Three large wildfires are burning in Northern California. Together they have scorched tens of thousands of acres and forced thousands of people from their homes. Families are losing everything but their lives, and it happens fast and unexpectedly.
I, too, am facing loss –of living in my sweet little duplex, of having to let go of personal belongings. But I get to calibrate such pruning with time. There is no rush; I’m not on the clock as I begin to sort through a closet filled with too many items, to decide which miscellaneous kitchen paraphernalia to keep, to appraise what’s stored in boxes in my garage that I haven’t opened since moving here eight years ago. I have the luxury of time to regulate my losses.
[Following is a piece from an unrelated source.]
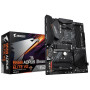Mainboard, GIGABYTE, AMD B550, SAM4, ATX, Memory DDR4, Memory slots 4, 2xPCI-Express 3.0 1x, 1xPCI-Express 4.0 16x, 2xM.2, 1xHDMI, 1xDisplayPort, 2xAudio-In, 3xAudio-Out, 2xUSB 2.0, 5xUSB 3.2, 1xOptical S/PDIF, 1xRJ45, B550AORUSELITEV21.4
Facing into my retirement I am both excited and somewhat apprehensive, wondering how to make my finances work for the rest of my life while feeling the exhilaration of newly found freedom. Candidly, I can only see today; I remember yesterday and hope for the future. Today is undisturbed, pleasant, happily abundant. It’s a little like a rope tug-of-war children might play on slippery summer grass. There’s laughter amid the struggle because the day is warm, and the outcome is irrelevant in terms of who gets dinner that night. I remain at peace because my experience of exhilaration versus my feelings of apprehension will not determine future opportunity.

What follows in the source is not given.